===== MATERIAL PROVIDED =====
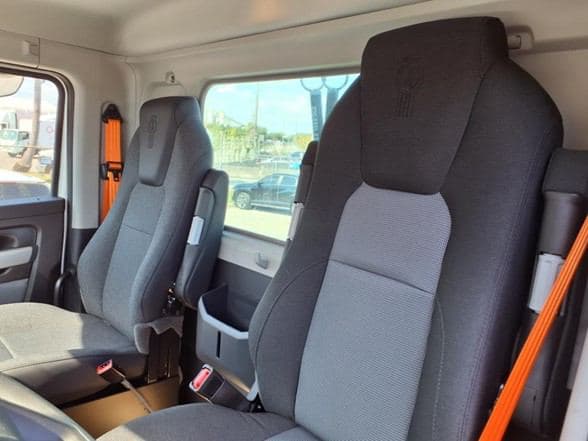 2025 Kenworth T880 image 12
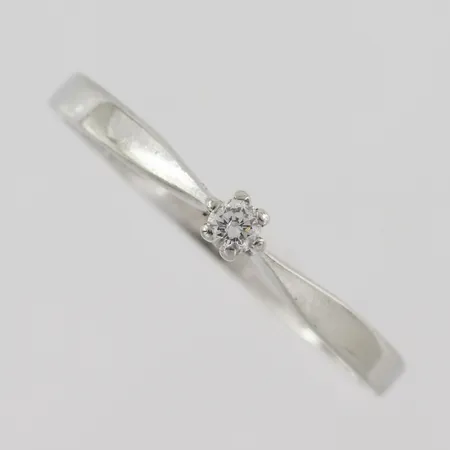 Ring med diamant 0,05ct enligt inskription, stl 18¾mm, bredd skena 1,7mm, 18k vitguld  Vikt: 1,9 g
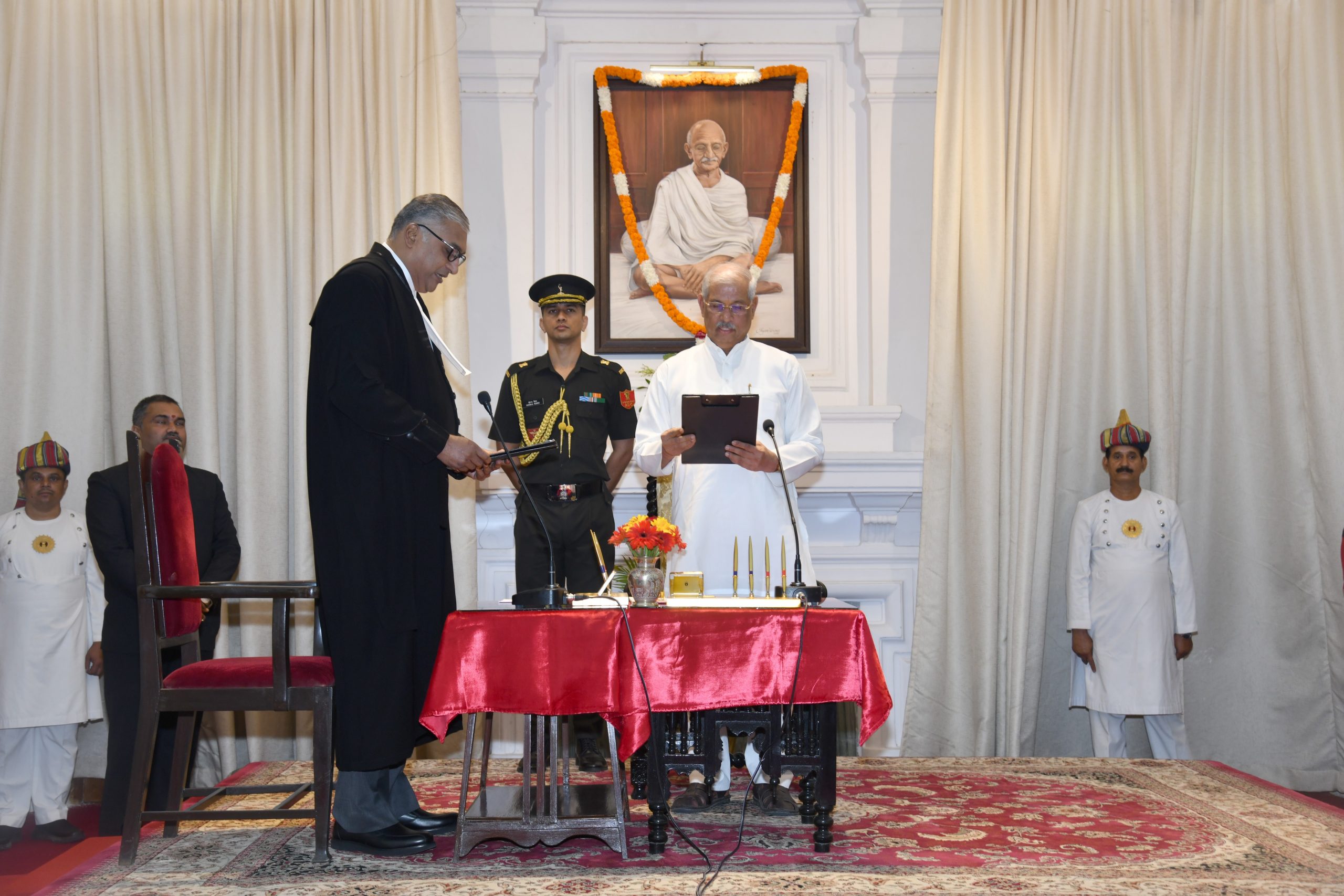 महामहिम ने माननीय न्यायमूर्ति श्री अनिरेड्डी अभिषेक रेड्डी को शपथ दिलाई।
=====
▸ **PROBLEM TO SOLVE**
None of the pictures should be reproduced; all other material above must be set down exactly.

▸ **SOLVED PROBLEM**
 2025 Kenworth T880 image 12
 Ring med diamant 0,05ct enligt inskription, stl 18¾mm, bredd skena 1,7mm, 18k vitguld  Vikt: 1,9 g
 महामहिम ने माननीय न्यायमूर्ति श्री अनिरेड्डी अभिषेक रेड्डी को शपथ दिलाई।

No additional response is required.